Machine Learning Inference Chips, Custom Designed By Amazon
Amazon Web Services, Amazon’s cloud business is not just sticking to software anymore. It is also building hardware chips. At its ongoing “AWS re:Invent Conference” in Las Vegas , it has unveiled 2 new chips and 13 new machine learning capabilities and services to attract more developers to AWS by broadening its range of tools and services. The chips, it claims, will provide A.I. researchers "high performance at low cost."
The chip called “Inferentia” is a machine learning inference chip designed to deliver high performance to find patterns in large amounts of data. AWS Inferentia provides high throughput, low latency inference performance. Each chip has hundreds of TOPS (tera operations per second) of inference throughput to allow complex models to make fast predictions. For even more performance, multiple AWS Inferentia chips can be used together to drive thousands of TOPS of throughput. AWS Inferentia will support the TensorFlow, Apache MXNet, and PyTorch deep learning frameworks, as well as models that use the ONNX format and will be available for use with Amazon SageMaker, Amazon EC2, and Amazon Elastic Inference. AWS has also introduced Elastic Inference, which allow developers to design their own inference processor capacities and cloud deployments based on workload. According to AWS, developers can reduce inference costs by up to 75% by attaching GPU-powered inference acceleration to Amazon EC2 and Amazon SageMaker instances.
AWS hasn’t stopped here. It has also announced a second ARM-based chip that represents an alternative to traditional computing processors from chipmakers like Intel. Across the clouds—and in corporate’s on-premises data centres — customers' computing workloads often run on Intel-based chips. The chip dubbed “Graviton”, introduced as a potential alternative to Intel, is akin to an Arm-based AMD chip. The CPU core is based on an Arm’s 2015 Cortex-A72 design, clocked at 2.3GHz clock, 64-bit Armv8-A, non-NUMA processor with floating point math, and supporting SIMD, AES, SHA-1, SHA-256, GCM and hardware acceleration of the CRC-32 algorithm.

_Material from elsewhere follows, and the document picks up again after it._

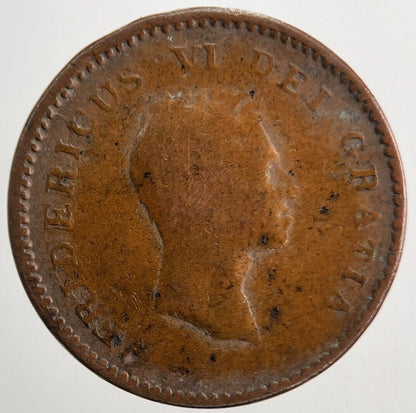 1810 Denmark 2 Skilling Danske Coin | Collectable Grade | a5363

It’s been an interesting trend since last few years as software giants are entering into the tricky business of AI chip design. Amazon’s launch of these chips echoes Google’s AI chip - Tensor Processing Unit. Since 2016 Google has introduced new TPU chips that compete with NVIDIA for training AI models. Last year Microsoft demonstrated its Windows Server operating system running on Arm servers, but Arm-based computing is not currently possible from Microsoft's Azure public cloud. Microsoft has also partnered with Qualcomm to create AI developer kit enabled by Azure. IBM has the Power9 processor chips which it sells to third-party manufacturers and to cloud vendors and AC922 chip on the IBM cloud. But, it currently has no plans for AI chips. Earlier this year, Alibaba has announced that it is working on developing its own AI chip called the “Ali-NPU” and that the chips will become available for anyone to use through its public cloud.
AWS is by far the leader in public cloud infrastructure. But its advantage is shrinking as Microsoft, Google, IBM are competing with it for business as companies move their workloads from traditional data centres to the cloud. Increasing number of cloud vendors in the AI chip market only shows its rapid expansion and strong growth illustrate just how competitive the cloud business has become, and how important innovation is for players who want to stay in the race.
With the rising influence of AI, cloud vendors will try to provide the infrastructure for AI to easily attract business. Much of AI training needs can be abstracted by the cloud providers just like what cloud business did to the server industry. It takes away all the infrastructure setup and large start-up cost hassle to lower the barrier for companies trying AI projects. This has the potential of having the same impact in democratizing AI as it did for various online businesses post cloud as a service model.
AI infra-as-a-service could be the new game changer!